Feature Engineering Reference

Overview

This article provides a complete reference for all features available in chronofeat’s formula interface. Features are automatically generated during fit() and regenerated identically during forecast().

library(chronofeat)
library(dplyr)
#> 
#> Attaching package: 'dplyr'
#> The following objects are masked from 'package:stats':
#> 
#>     filter, lag
#> The following objects are masked from 'package:base':
#> 
#>     intersect, setdiff, setequal, union

data(retail)
ts_data <- TimeSeries(retail, date = "date", groups = "items", frequency = "month")

Target Features

Target features are derived from the variable you’re forecasting.

Lags: `p()`

Create lagged values of the target variable.

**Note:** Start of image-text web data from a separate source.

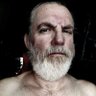 Profilbild von Todd Fenton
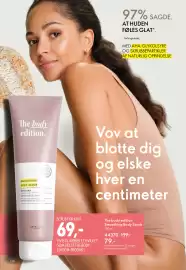 Oriflame tilbudsavis Side 130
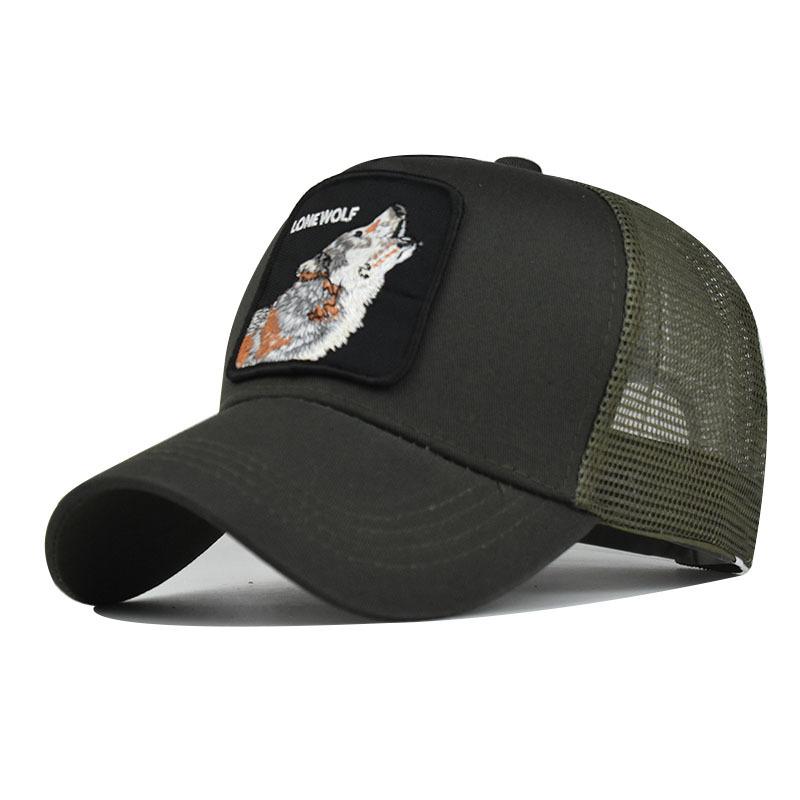 Высококачественная Аниме Мультяшная Snapback Хлопковая Бейсболка Мужская Женская Хип-Хоп Папа Сетчатая Кепка Тракер Dropshipping
Высококачественная Аниме Мультяшная Snapback Хлопковая Бейсболка Мужская Женская Хип-Хоп Папа Сетчатая Кепка Тракер Dropshipping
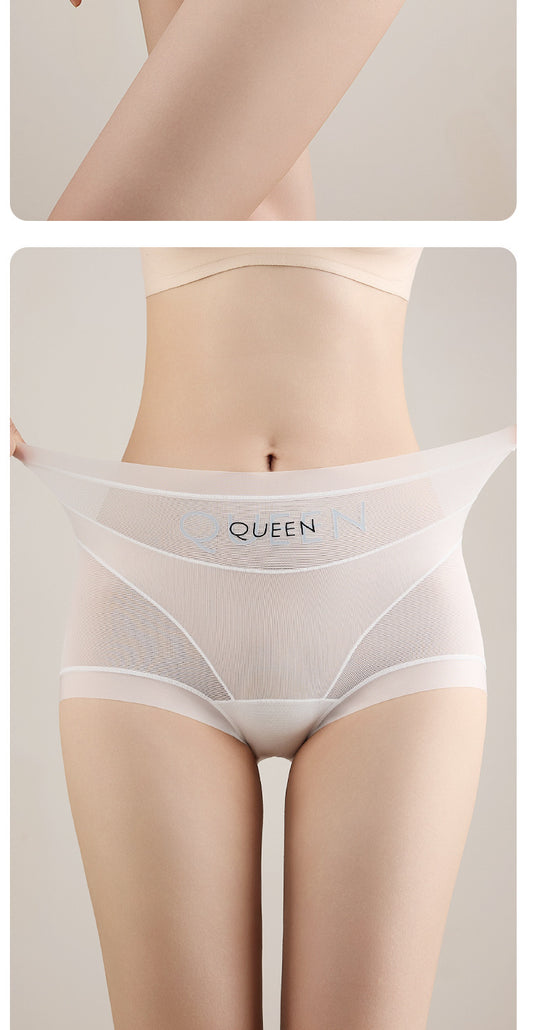 Queen panties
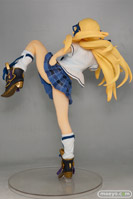 閃乱カグラ -少女達の真影- 葛城　あみあみＺＥＲＯ　画像　サンプル　レビュー　フィギュア　小澤真吾　06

# Create 12 consecutive lags (lag_1 through lag_12)
m <- fit(value ~ p(12), data = ts_data, model = lm)
m$predictors
#>  [1] "value_lag_1"  "value_lag_2"  "value_lag_3"  "value_lag_4"  "value_lag_5" 
#>  [6] "value_lag_6"  "value_lag_7"  "value_lag_8"  "value_lag_9"  "value_lag_10"
#> [11] "value_lag_11" "value_lag_12"

# Create specific lags only
m <- fit(value ~ p(1, 7, 12, 24), data = ts_data, model = lm)
# Creates: value_lag_1, value_lag_7, value_lag_12, value_lag_24

How it works during forecasting:

At step 1: value_lag_1 uses the last actual observation
At step 2: value_lag_1 uses the step-1 prediction
And so on recursively

Best practices:

For daily data with weekly seasonality: p(1, 7, 14) or p(7)
For monthly data with yearly seasonality: p(1, 12) or p(12)
Fewer lags = less data lost to NA, simpler model
More lags = captures longer patterns but needs more history

Moving Averages: `q()`

Create moving averages of the target over specified windows.

# Single window
m <- fit(value ~ q(12), data = ts_data, model = lm)
m$predictors
#> [1] "value_ma_12"

# Multiple windows
m <- fit(value ~ q(3, 6, 12), data = ts_data, model = lm)
m$predictors
#> [1] "value_ma_3"  "value_ma_6"  "value_ma_12"

How it works:

q(7) = mean of the last 7 values (including current)
Uses slider::slide_dbl() with .complete = TRUE (returns NA if window incomplete)

Best practices:

Captures level/trend without lag-specific patterns
Combine with lags: value ~ p(12) + q(12) provides both
During forecasting, early steps may have incomplete windows (returns NA)

Rolling Statistics

Calculate rolling statistics over specified windows.

Rolling Sum: `rollsum()`

m <- fit(value ~ rollsum(6, 12), data = ts_data, model = lm)
m$predictors
#> [1] "value_rollsum_6"  "value_rollsum_12"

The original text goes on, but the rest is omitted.